Is there any negative side-effect of using multiple (say 2) algorithms providing a shorter digest (e.g. RIPE-MD-128 and Tiger128) versus using an algorithm providing a digest of the added length (e.g. SHA256).
I want to explicitly highlight that I only need high performance and collision resistance. Other properties (avalanching, etc.) are irrelevant, I do not even care if it is possible to go back from digest to input. So I do not even need to really use "cryptographic" hashing algorithms (CRC32 is perfectly fine here I guess).
More specifically my idea is to use multiple REALLY FAST algorithms (clhash performing at over 4 gigabyte per second on my testsetup, xxhash performing at over 6GB/s, ...) and simply concatenate them to improve collision resistance: $$ Digest(Input) = XXH64(input)\ |\ CLhash(input)\ |\ CRC32(input)\ |\ Farsh(input) $$
This results in a digest with $64+64+32+32=192$ bits length, but is faster than an algorithms providing a digest with 192 bits. The important question for me is: is the collision resistance comparable to an algorithm providing 192 bits?

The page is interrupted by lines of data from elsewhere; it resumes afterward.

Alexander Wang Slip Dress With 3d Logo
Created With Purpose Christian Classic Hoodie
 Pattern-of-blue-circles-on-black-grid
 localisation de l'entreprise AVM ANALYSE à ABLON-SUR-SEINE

I benchmarked a lot of different hashing algorithms and the fastest performing hash, that is also reviewed and provides a long digest (which can be an indicator of better collision resistance), is Blake2b performing slightly above 1500 megabytes per second and provides a 512 bit digest. A combination of different algorithms would be even faster, and for my use case performance is key.